Monday, October 17, 2016

The Capsule Reviews of October: Part 2

I'll try to do the other new films I watched this week tomorrow. I'm just too tired, you guys.

Grizzly (d, William Girdler) - What can one say about this film, one of the most infamous and egregious Jaws rip-offs, that it doesn't already sort of say about itself while you're watching it? Directed by William Girdler, who would die just two years later in a helicopter crash at the age of thirty, after completing Manitou, one of the weirdest ostensibly mainstream horror films you'll find, Grizzly wears its thieving nature on its sleeve: it stars Christopher George as a park ranger named Michael Kelly who wants his forest shut off to the public until he can catch the apparently 15-foot-tall grizzly bear that recently killed a couple of, campers. Attempts to thwart these safety measures come from the park supervisor (Joe Dorsey), who knows that camping means big money. A frustrated Kelly gets help from Allison Corwin, the woman he's courting (Joan McCall) and his employees, as well as from his old buddy, an eccentric naturalist named Arthur Scott (Richard Jaeckel) and Don Stober (Andrew Prine), a helicopter pilot.

So Kelly is Chief Brody, except this time around he's kind of a dick. He's patronizing, condescending, and sarcastic, without the one possible upside of actually being any funny at all. He also seems to suck at his job. After a third person is killed by the bear, Kelly, who we've seen find dead bodies and fret about it, fumes to Allison "There's something I'm not doing!" You mean anything? And if Kelly is Brody, then Scott is both Quint and Hooper -- he has the reckless unpredictability of Quint and the scientific know-how of Hooper, and the oddly prolonged-into-anticlimax fate of, I don't know, somebody in Jaws 2 probably. Which leaves the helicopter pilot to be Hooper again, but a helicopter pilot this time around.

Grizzly is full of stupid shit and clumsiness -- at one point the bear swings his paw savagely at a victim (for a while, the paw is all we see of the animal) in a way, and at a height, that suggests the next thing we see will be a fake head spinning through the air. But instead we arm? The bear knocked somebody's arm off? And later, one of Kelly's park ranger employees, a woman, decides to take a break from looking for a giant killer bear and strip down to her underwear and stand under a waterfall, rubbing water all over her arms, as bathing women in movies so often do. But all I could think about was she didn't bring a towel. She just took off her uniform and piled it in the grass. When she's done bathing, she'll have no way to dry off. What was she planning to do, just put her clothes back on over her soaking wet body??? That is nonsense. In the end, it turned out not to matter, though, because while she was bathing she was murdered by a bear.

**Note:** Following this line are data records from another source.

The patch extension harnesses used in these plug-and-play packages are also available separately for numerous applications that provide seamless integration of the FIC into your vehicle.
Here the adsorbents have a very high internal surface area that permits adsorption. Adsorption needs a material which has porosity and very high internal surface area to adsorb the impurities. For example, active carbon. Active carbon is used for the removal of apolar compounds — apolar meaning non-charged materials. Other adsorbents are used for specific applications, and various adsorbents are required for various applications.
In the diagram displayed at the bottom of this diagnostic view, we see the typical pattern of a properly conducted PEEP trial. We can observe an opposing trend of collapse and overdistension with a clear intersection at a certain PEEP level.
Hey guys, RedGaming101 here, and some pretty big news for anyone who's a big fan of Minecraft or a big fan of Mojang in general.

The Beast in the Cellar (d. James Kelly) - I'm not sure "festival" is the word I'd use, but this British horror film from 1970 sure is an odd one. Kelly, who like Girdler also died young, only made one more film after this, a thriller called What the Peeper Saw (I can guess!), but what reputation he has seems to rest in this story of a series of murders of soldiers stationed in rural England. Because this is a murder mystery (in theory, if not, finally, in practice) the killings have to be coyly filmed, and therefore, so the thinking apparently went, badly shot. It's all just 1970s shaky-cam, which doesn't become more interesting to watch the second, or third time.

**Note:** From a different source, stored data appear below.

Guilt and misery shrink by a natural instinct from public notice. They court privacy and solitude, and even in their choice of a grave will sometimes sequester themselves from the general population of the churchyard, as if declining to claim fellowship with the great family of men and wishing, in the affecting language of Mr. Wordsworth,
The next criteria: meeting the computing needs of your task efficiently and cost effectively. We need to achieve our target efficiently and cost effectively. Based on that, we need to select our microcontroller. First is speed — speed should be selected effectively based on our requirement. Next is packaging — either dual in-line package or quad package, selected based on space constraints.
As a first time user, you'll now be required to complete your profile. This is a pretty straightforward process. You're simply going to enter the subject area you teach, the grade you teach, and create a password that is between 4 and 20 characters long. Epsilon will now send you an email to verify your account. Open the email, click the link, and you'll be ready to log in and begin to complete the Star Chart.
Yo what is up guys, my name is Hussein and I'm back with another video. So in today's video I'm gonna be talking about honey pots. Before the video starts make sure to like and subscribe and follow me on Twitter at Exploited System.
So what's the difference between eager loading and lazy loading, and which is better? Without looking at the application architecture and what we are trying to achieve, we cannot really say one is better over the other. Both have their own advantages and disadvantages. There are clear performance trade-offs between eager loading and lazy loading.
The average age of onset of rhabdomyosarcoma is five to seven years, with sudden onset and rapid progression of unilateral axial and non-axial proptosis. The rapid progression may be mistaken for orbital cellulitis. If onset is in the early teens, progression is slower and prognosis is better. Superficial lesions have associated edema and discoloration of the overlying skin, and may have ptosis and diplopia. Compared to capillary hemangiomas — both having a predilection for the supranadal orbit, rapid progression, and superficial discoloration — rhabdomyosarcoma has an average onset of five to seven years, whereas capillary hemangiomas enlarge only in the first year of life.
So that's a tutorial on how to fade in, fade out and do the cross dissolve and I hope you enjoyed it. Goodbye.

What is interesting about The Beast in the Cellar is the focus on, and the performances by, Beryl Reid and Flora Robson, as a pair of spinster sisters whose bleak family history, and poor judgment stemming from social ignorance, has led to all this. I'm not sure why I'm being cagey about this, since the killer is obvious once you learn that the sisters have a family member imprisoned in their cellar. Bu Reid and Robson are pretty terrific (in Nightmare Movies, Kim Newman says that their commitment is wasted; maybe, maybe not, who can say), and they make the frankly dull murder stuff acceptable because the main business with the sisters is so off-kilter. Ultimately it brought to mind, a bit anyway, another 70s British horror film, Gary Sherman's (an American, but still) Raw Meat, aka Deathline from two years later. Sherman is more of a filmmaker than Kelly was, though. As engaging as the off-beat mood of The Beast in the Cellar can be, it nevertheless dumps the entire plot and motivation behind everything in one monologue that lasts a full fifteen minutes. Cutting that with brief flashbacks and other shit like that can't change the fact that this was probably the worst way to give the audience information possible.